* [What you should do]: The records below must be written out exactly, with every picture left behind.

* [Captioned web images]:

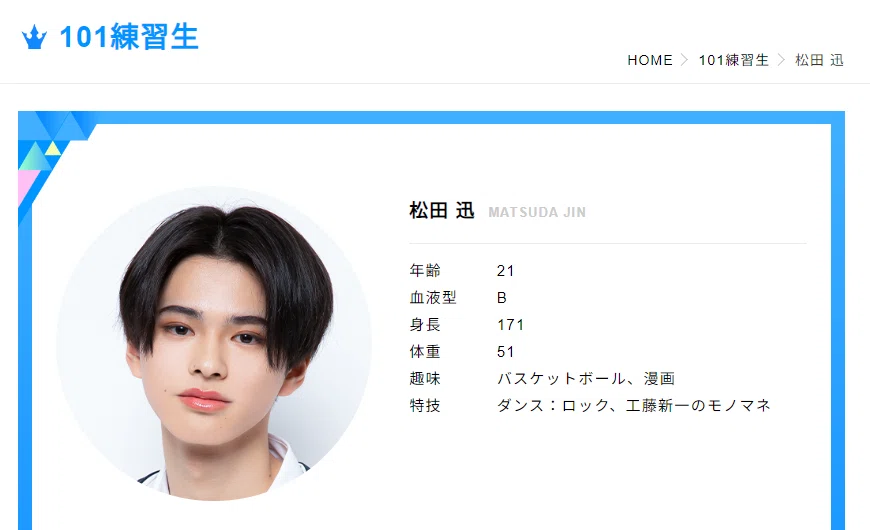松田迅さん、22歳おめでとう。4年目の沼落ちnote｜🌹😸あんずちゃん😸🌹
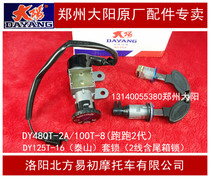 Dayang motorcycle running DY48QT-2A-2 100T-8 125T-16 set lock ignition switch switch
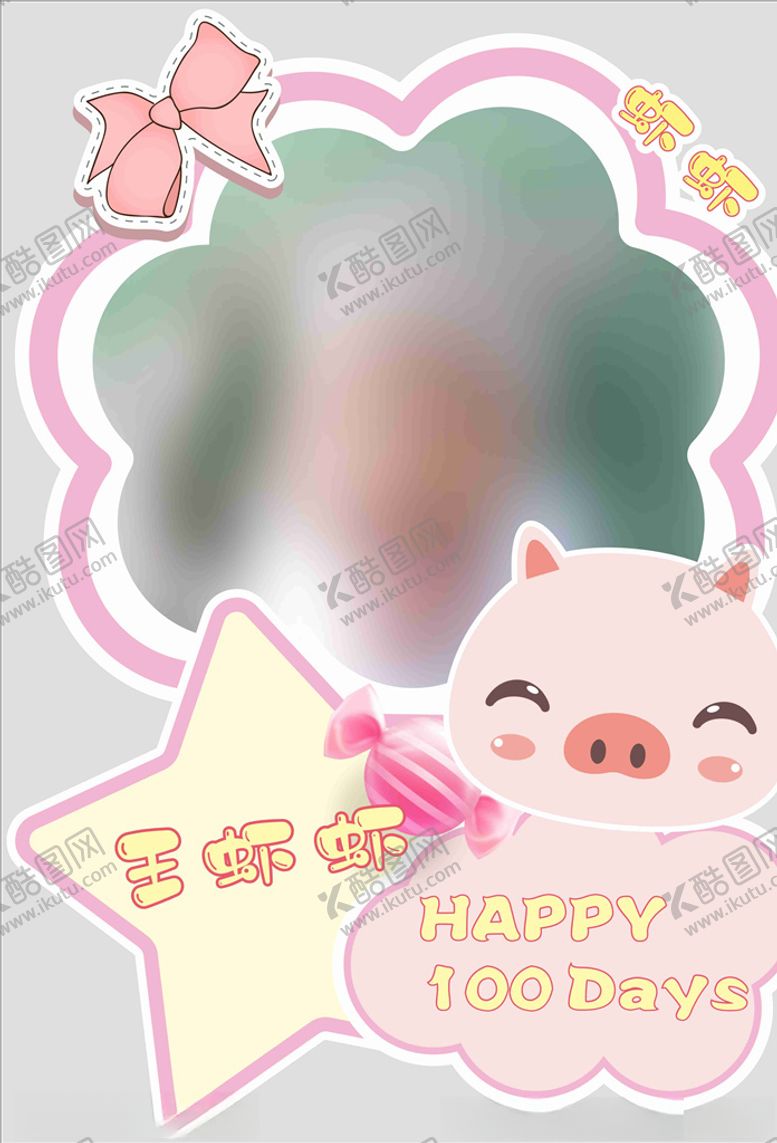 编号：33969610291810531492【酷图网】源文件下载-百日KT板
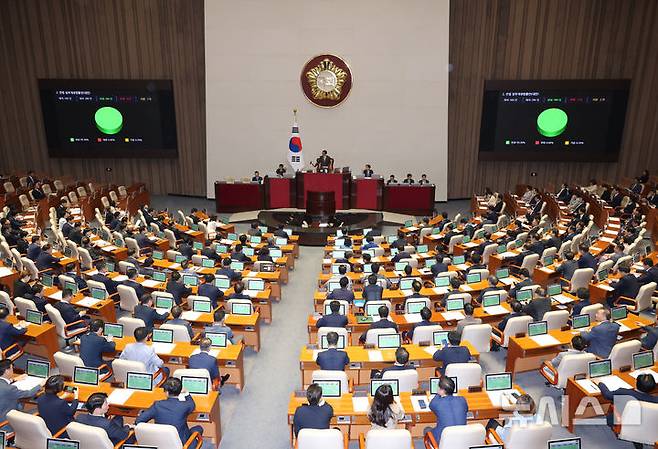 [서울=뉴시스] 고승민 기자 = 28일 서울 여의도 국회에서 열린 제417회 국회(임시회) 제2차 본회의에서 민법 일부개정법률안(구하라법)이 재석 286인, 찬성 284인, 기권 2인으로 가결되고 있다. 2024.08.28. kkssmm99@newsis.com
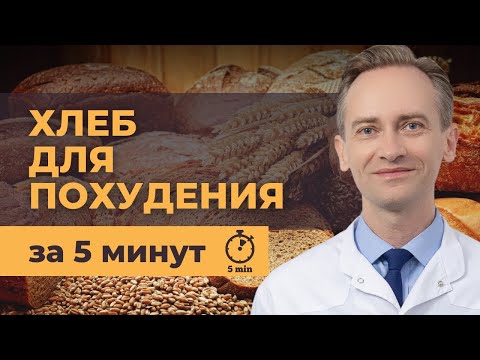 Видео: Хлеб для похудения за 5 минут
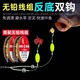 新升级反底子线双钩成品欧鲤反底钓组搭配伊势尼鱼钩专攻大物离地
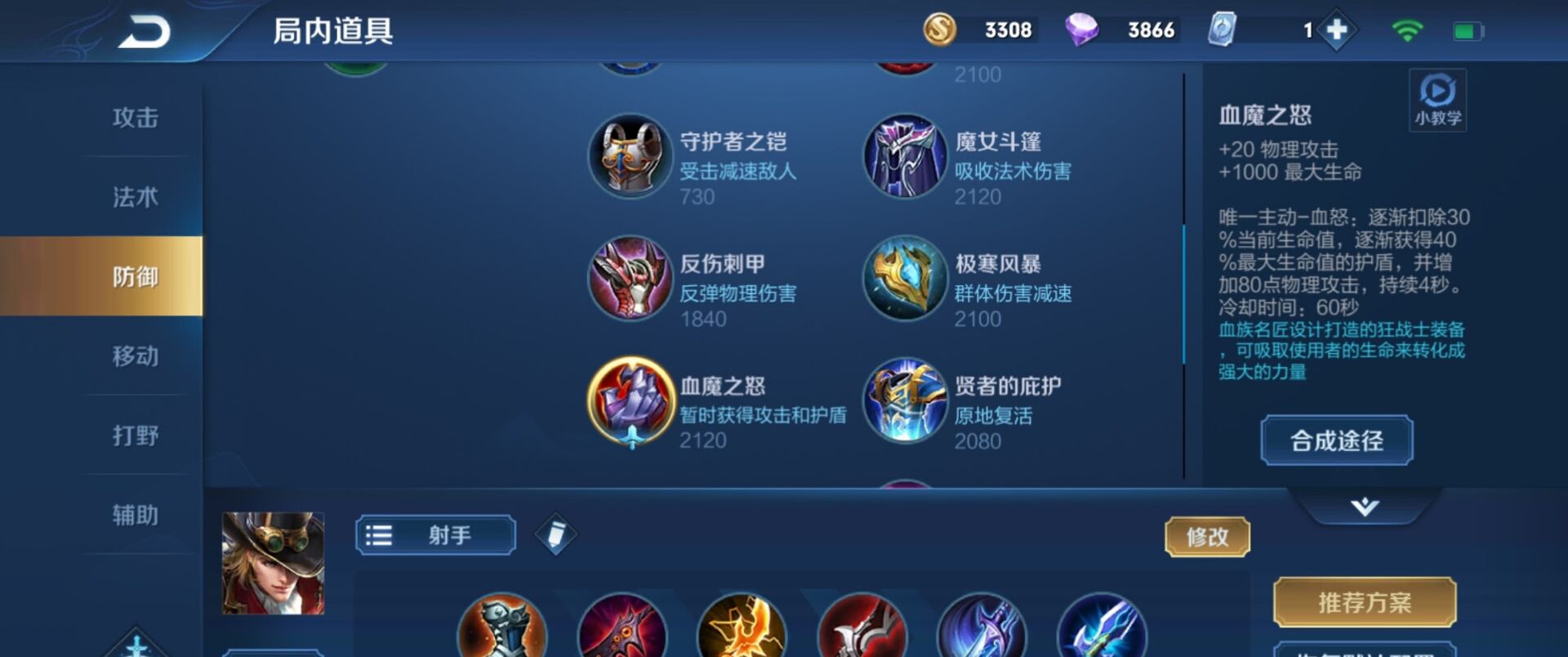 王者荣耀:血魔之怒改成"自残刀",张大仙:妖怪吧,这是件神装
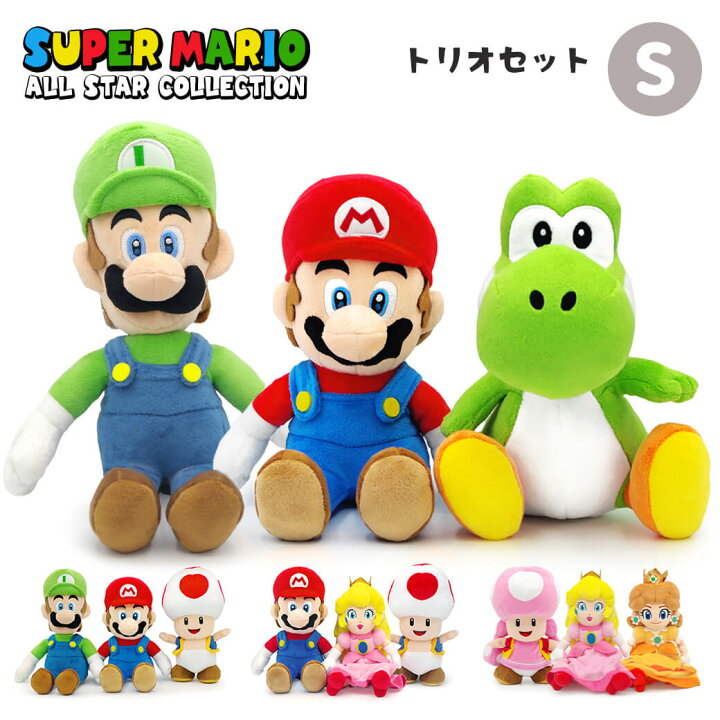 楽天市場】ぬいぐるみ ｢スーパーマリオ ALL STAR COLLECTION トリオ 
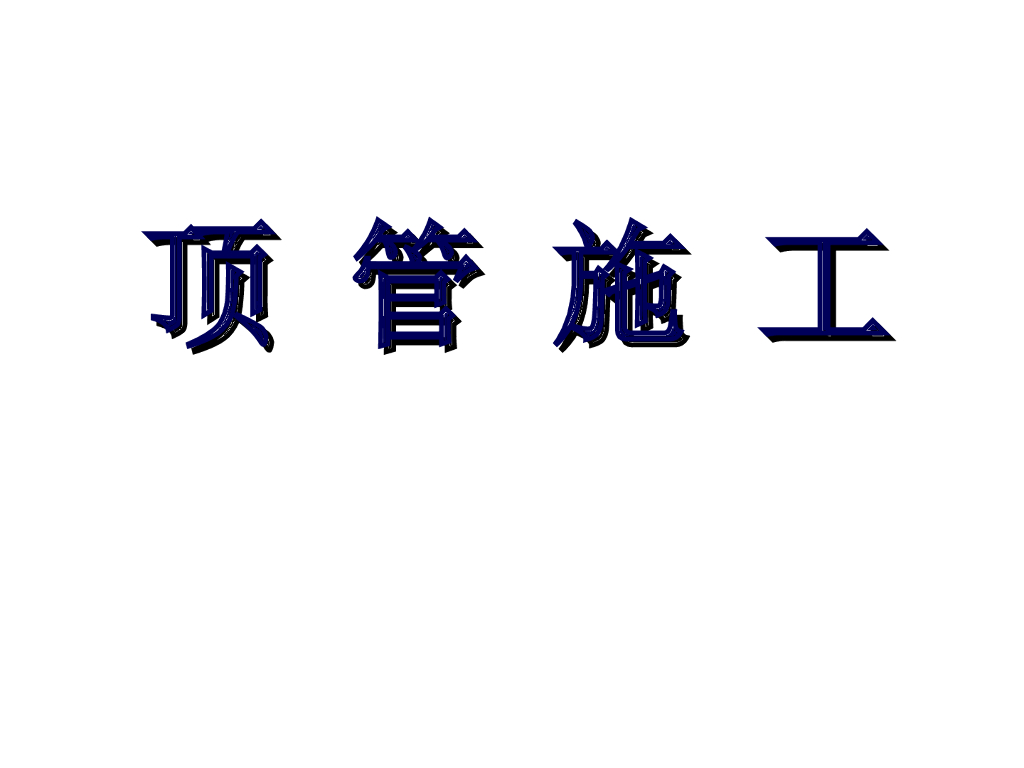 [PPT]顶管工程施工详解（共146页，图文）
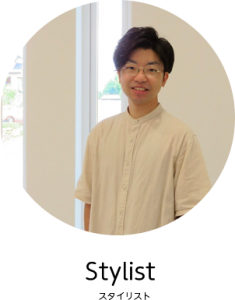 スタイリスト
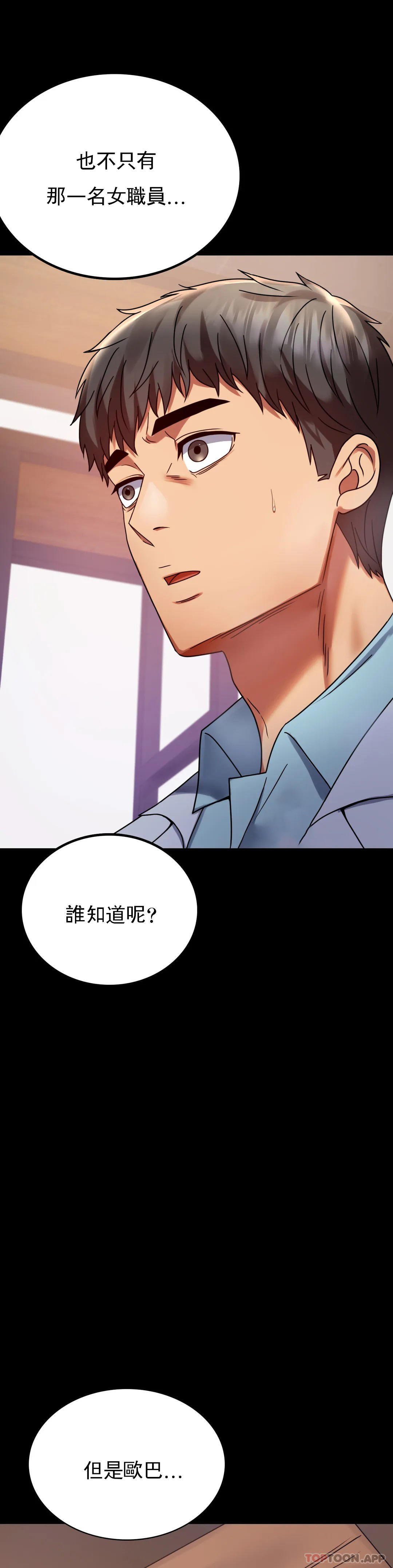 第31话-只是想喝酒 - 第13.jpg页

* [Answer box]:
松田迅さん、22歳おめでとう。4年目の沼落ちnote｜🌹😸あんずちゃん😸🌹
 Dayang motorcycle running DY48QT-2A-2 100T-8 125T-16 set lock ignition switch switch
 编号：33969610291810531492【酷图网】源文件下载-百日KT板
 [서울=뉴시스] 고승민 기자 = 28일 서울 여의도 국회에서 열린 제417회 국회(임시회) 제2차 본회의에서 민법 일부개정법률안(구하라법)이 재석 286인, 찬성 284인, 기권 2인으로 가결되고 있다. 2024.08.28. kkssmm99@newsis.com
 Видео: Хлеб для похудения за 5 минут
 新升级反底子线双钩成品欧鲤反底钓组搭配伊势尼鱼钩专攻大物离地
 王者荣耀:血魔之怒改成"自残刀",张大仙:妖怪吧,这是件神装
 楽天市場】ぬいぐるみ ｢スーパーマリオ ALL STAR COLLECTION トリオ 
 [PPT]顶管工程施工详解（共146页，图文）
 スタイリスト
 第31话-只是想喝酒 - 第13.jpg页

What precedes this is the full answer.